In strict terms, the derivative is a valid measure of influence for only infinitesimally small perturbations to the input, whereas in practice, researchers are interested in larger changes (for example, mutation of A to C). Several variations of the derivative-based interpretation methods have been developed to partially address this limitation—for example, integrated gradient18 and DeepLift19—and this goal is still currently an active area of research. Other interpretation methods, such as LIME20 select a small number of features to explain why a prediction is made.

For a CNN, it is also possible to visualize each convolution filter as a heat map or position weight matrix–style logo image. These visualizations are useful to obtain a sense of what local features the network might be learning. A caveat is that multiple convolution filters might be learning partially redundant features, and how the local features interact is less clear, because such interaction depends on the higher layers of the network.
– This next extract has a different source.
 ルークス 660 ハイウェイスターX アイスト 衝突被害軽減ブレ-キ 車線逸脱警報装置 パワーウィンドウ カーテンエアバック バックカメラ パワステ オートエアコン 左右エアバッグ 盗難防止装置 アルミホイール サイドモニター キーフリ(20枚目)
The interpretation methods discussed here should not be confused with causal models that attempt to pinpoint cause–effect relationships. Interpreting a prediction model can identify salient features and generate hypotheses, but inferring actual causality requires experimental perturbation.

Applications in genomics

A growing number of publications are presenting deep learning approaches and tools to study the genome (Fig. 2). Functional genomics is a leading application domain of deep learning21. Examples include predicting the sequence specificity of DNA- and RNA-binding proteins and of enhancer and cis-regulatory regions, methylation status, gene expression and control of splicing. These tools are based on data generated by DNase I sequencing, assay for transposase-accessible chromatin using sequencing (ATAC–seq), chromatin immunoprecipitation (ChIP) sequencing, ChIP-on-chip, RNA immunoprecipitation sequencing, transcription-factor datasets and chromatin state15,17,2224. Similarly, the identification of transcription start sites as well as cis-regulatory/enhancer elements2529 can be executed with the addition of features from the Encyclopedia of DNA Elements (ENCODE) project, as well as transcription-start-site sequencing and RNA-seq signals. The methylation state of DNA, which also influences the expression of genes, has been inferred from three-dimensional genome topology (on the basis of Hi-C) and DNA sequence patterns30. Nucleotide sequence and DNase I assay signals predict Hi-C contacts at 1-kb resolution31.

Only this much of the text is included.